=== Section Start ===

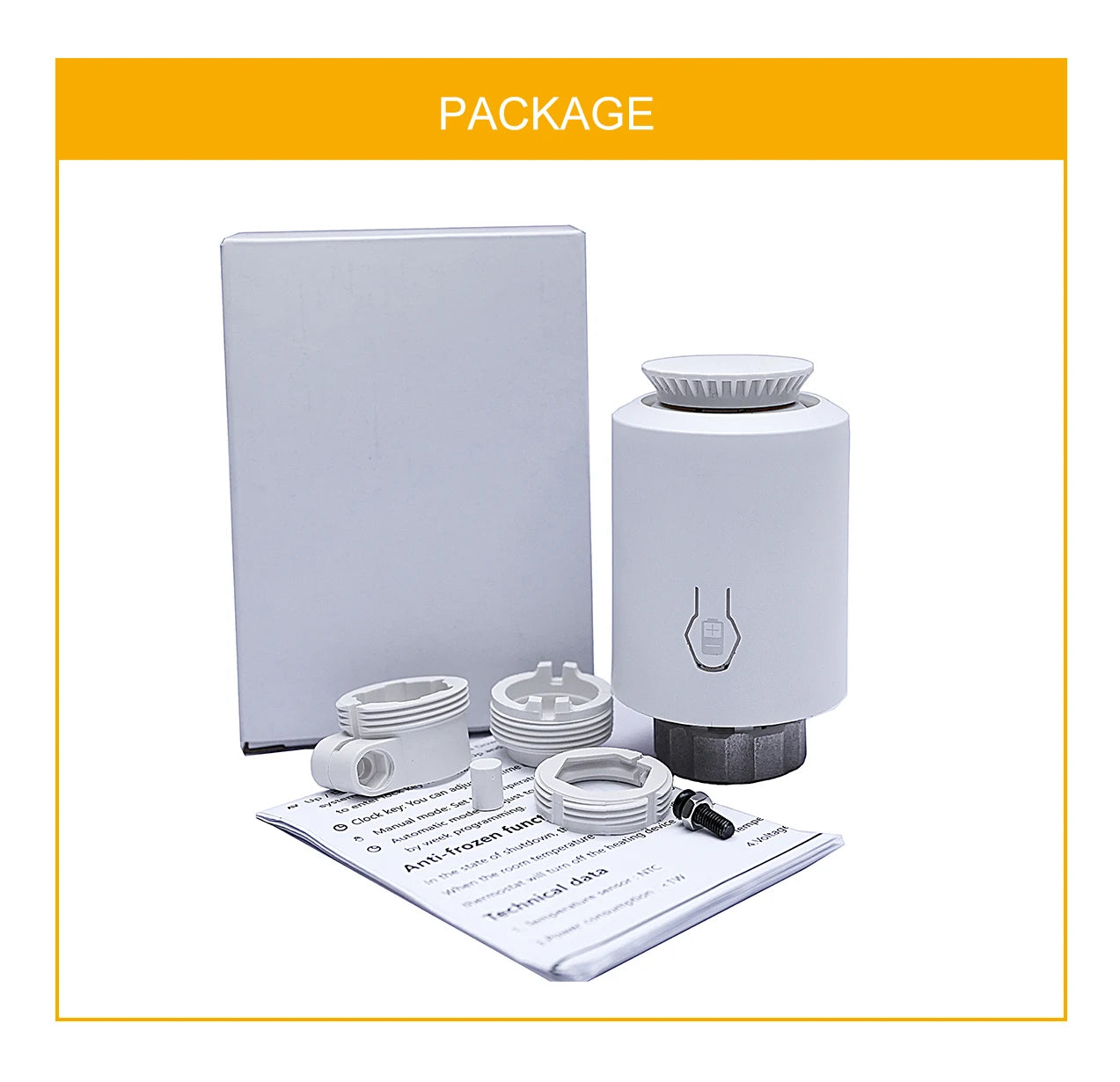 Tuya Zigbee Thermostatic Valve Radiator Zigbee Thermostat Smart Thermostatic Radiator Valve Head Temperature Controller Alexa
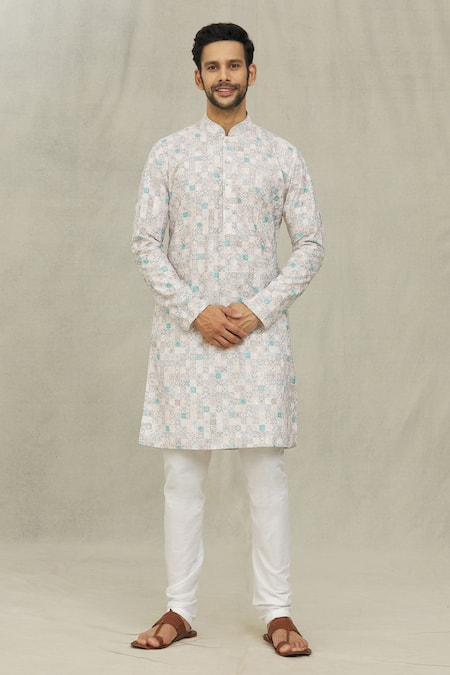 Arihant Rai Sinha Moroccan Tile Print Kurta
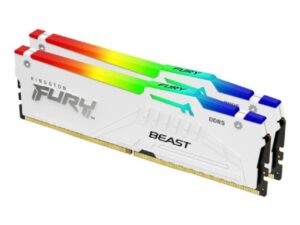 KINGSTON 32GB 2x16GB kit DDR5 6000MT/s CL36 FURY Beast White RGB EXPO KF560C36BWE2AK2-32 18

=== Section End ===

• _ABOUT THIS EXERCISE_: Repeat the material verbatim but without any of its pictures.

• _PROBLEM SOLUTION_:
 Tuya Zigbee Thermostatic Valve Radiator Zigbee Thermostat Smart Thermostatic Radiator Valve Head Temperature Controller Alexa
 Arihant Rai Sinha Moroccan Tile Print Kurta
 KINGSTON 32GB 2x16GB kit DDR5 6000MT/s CL36 FURY Beast White RGB EXPO KF560C36BWE2AK2-32 18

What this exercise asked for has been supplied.